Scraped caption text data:
________________________________________

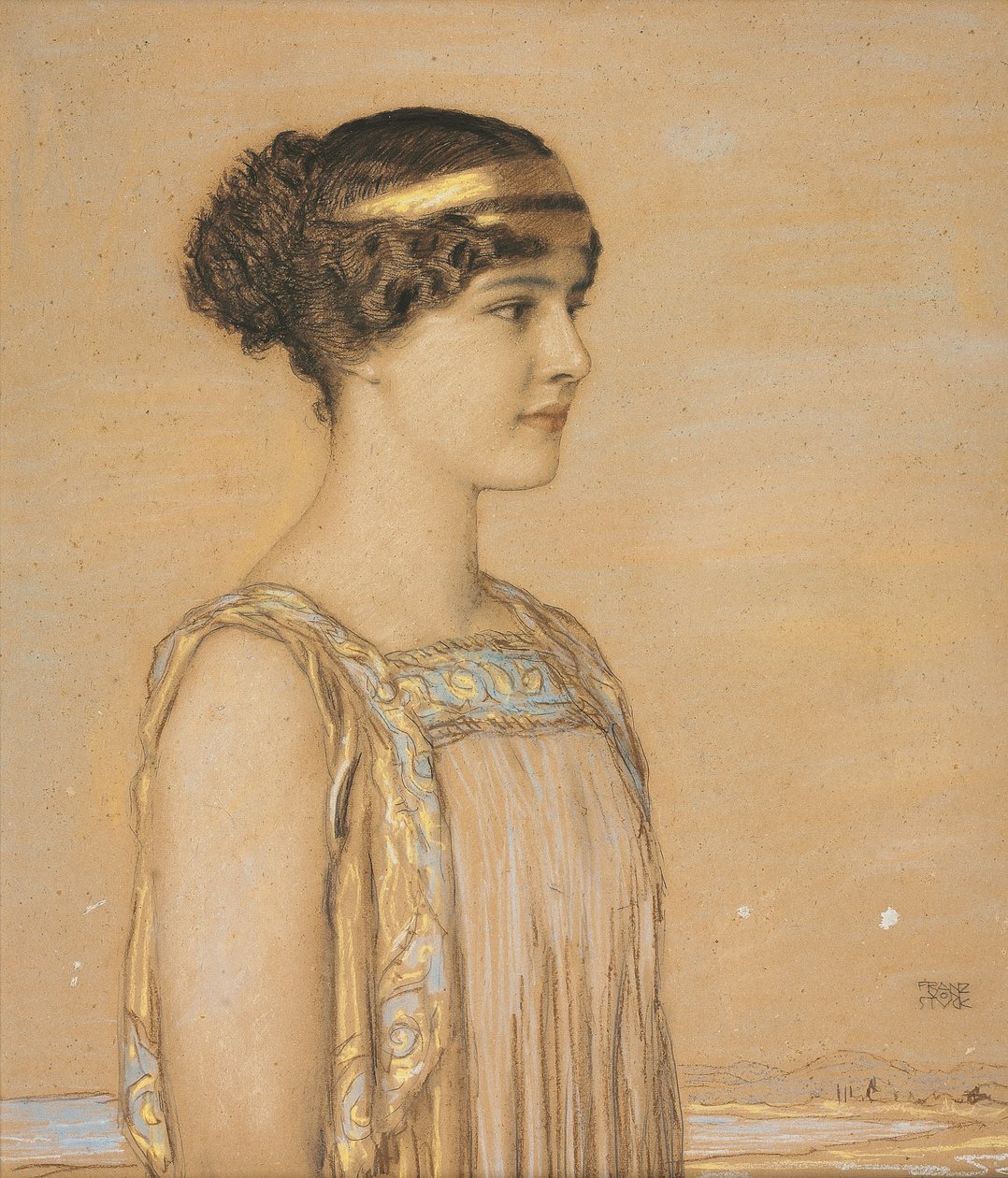 صورة ماري في الزي اليوناني ، 1910 بواسطة فرانز فون ستاك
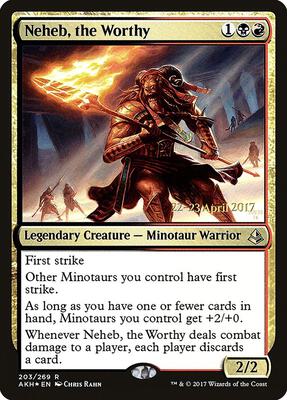 Neheb, the Worthy card from Prerelease Cards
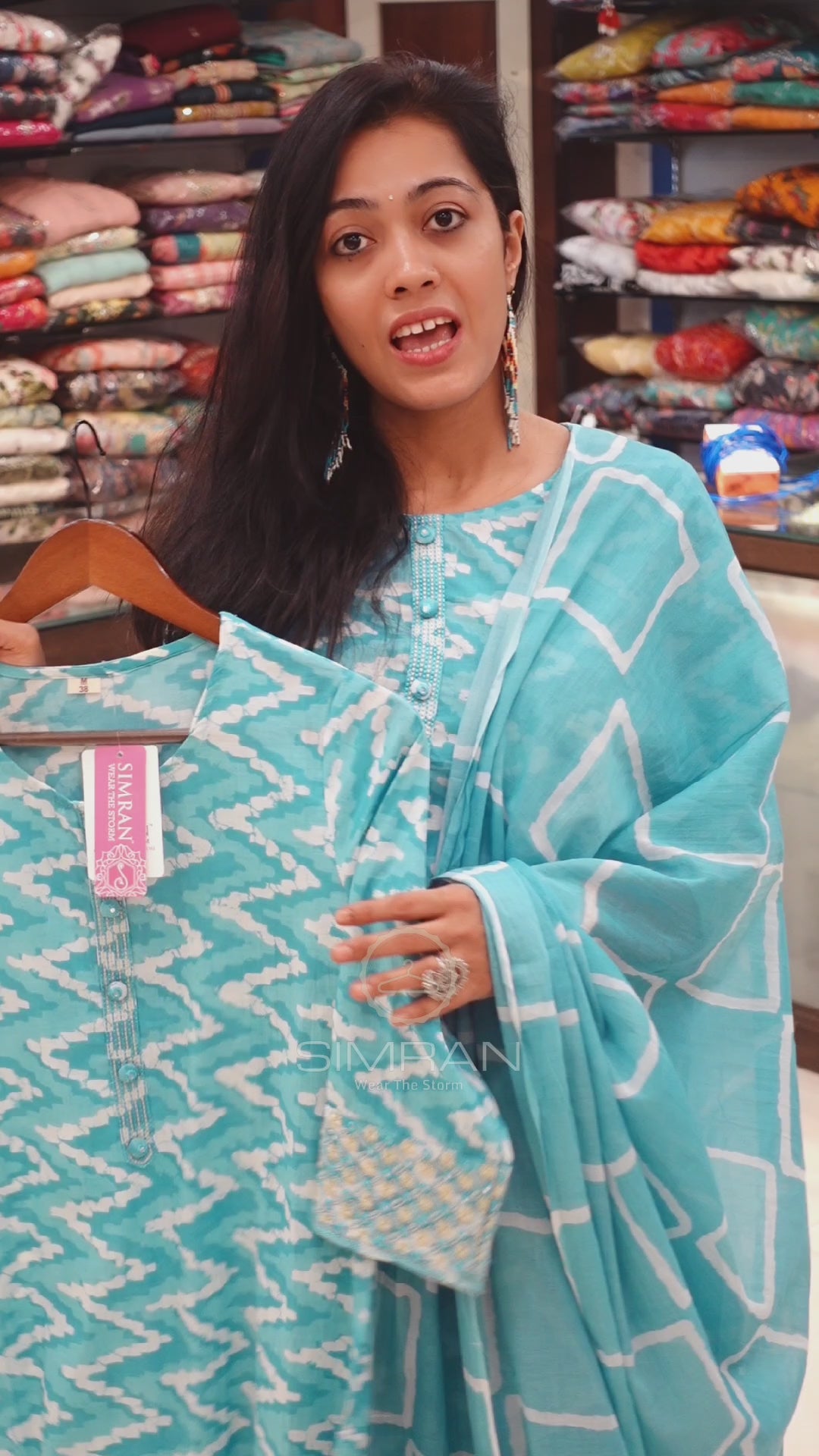 Elegant Pure Cotton Straight Top with Pant and Dupatta Set 011160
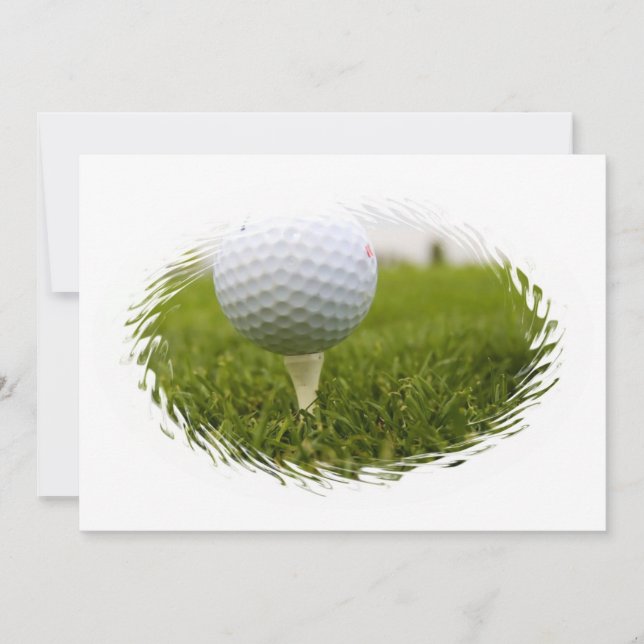 Golf Tee Design Invitation (Front)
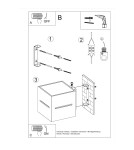 Kinkiety - Sollux Kinkiet LOBO szary SL.0205 - product 7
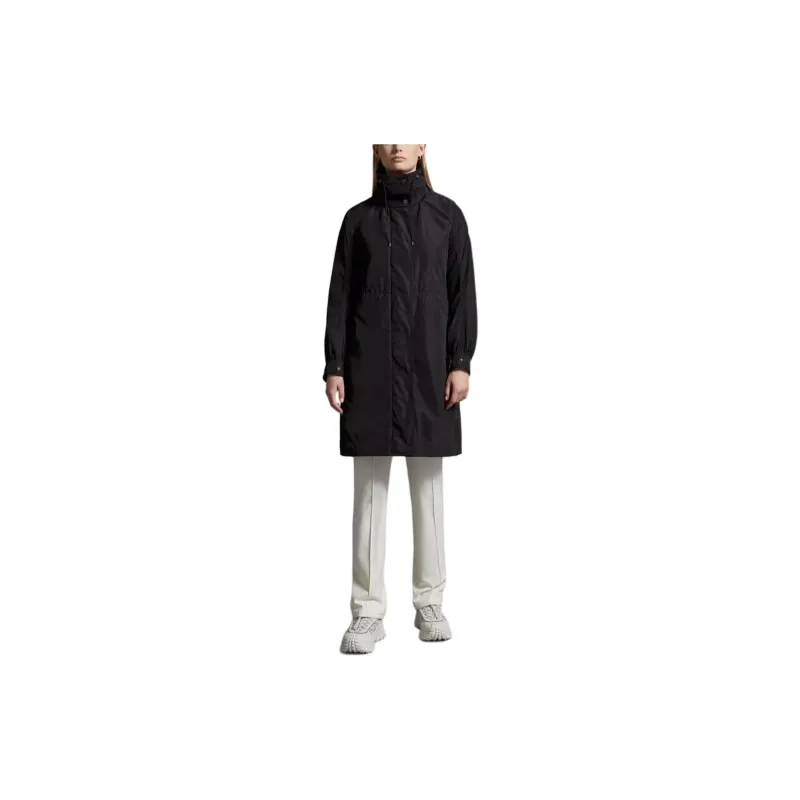 Moncler Trench Coat Women's Black-1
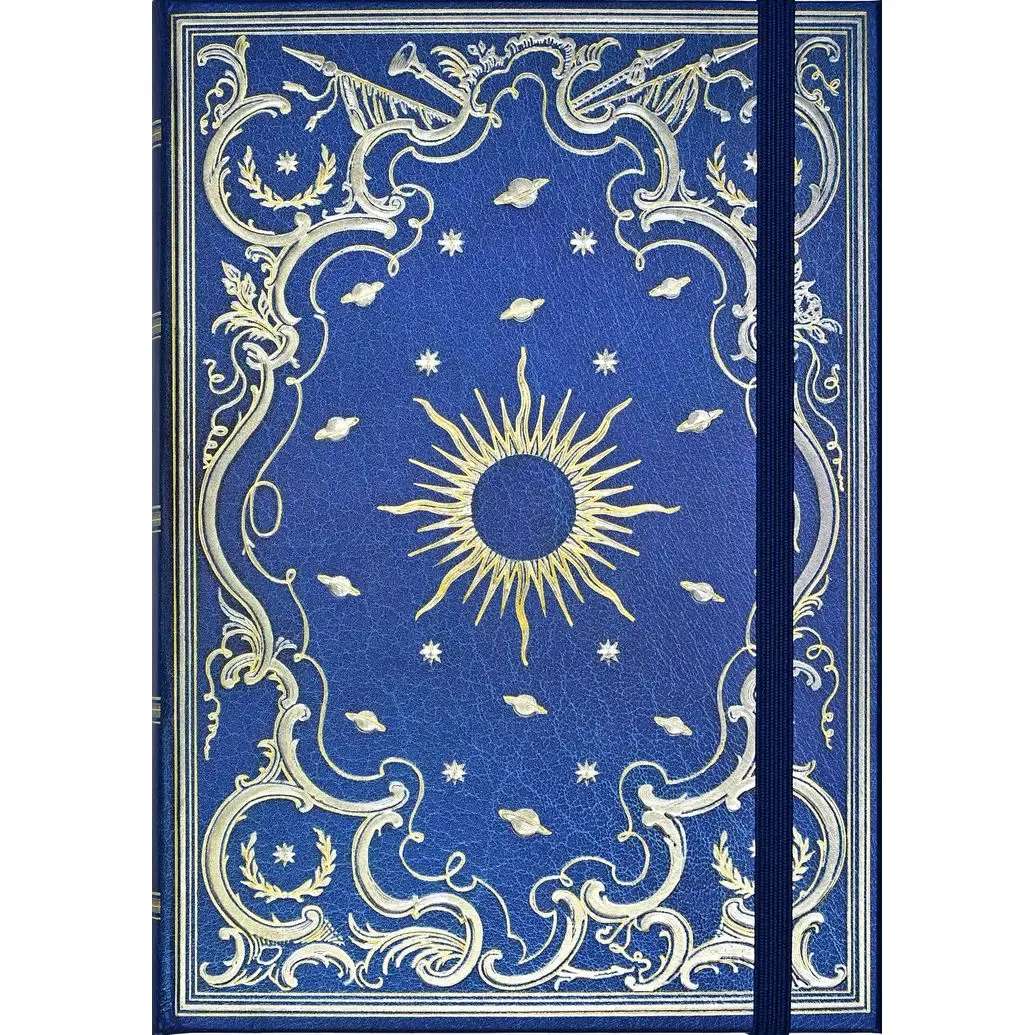 Celestial Journal Small in Blue and Gold |  5'' x 7''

________________________________________

PROBLEM DESCRIPTION:
Restate each record from above word for word, excluding any picture it holds.

RESPONSE FOR THIS EXERCISE:
 صورة ماري في الزي اليوناني ، 1910 بواسطة فرانز فون ستاك
 Neheb, the Worthy card from Prerelease Cards
 Elegant Pure Cotton Straight Top with Pant and Dupatta Set 011160
 Golf Tee Design Invitation (Front)
 Kinkiety - Sollux Kinkiet LOBO szary SL.0205 - product 7
 Moncler Trench Coat Women's Black-1
 Celestial Journal Small in Blue and Gold |  5'' x 7''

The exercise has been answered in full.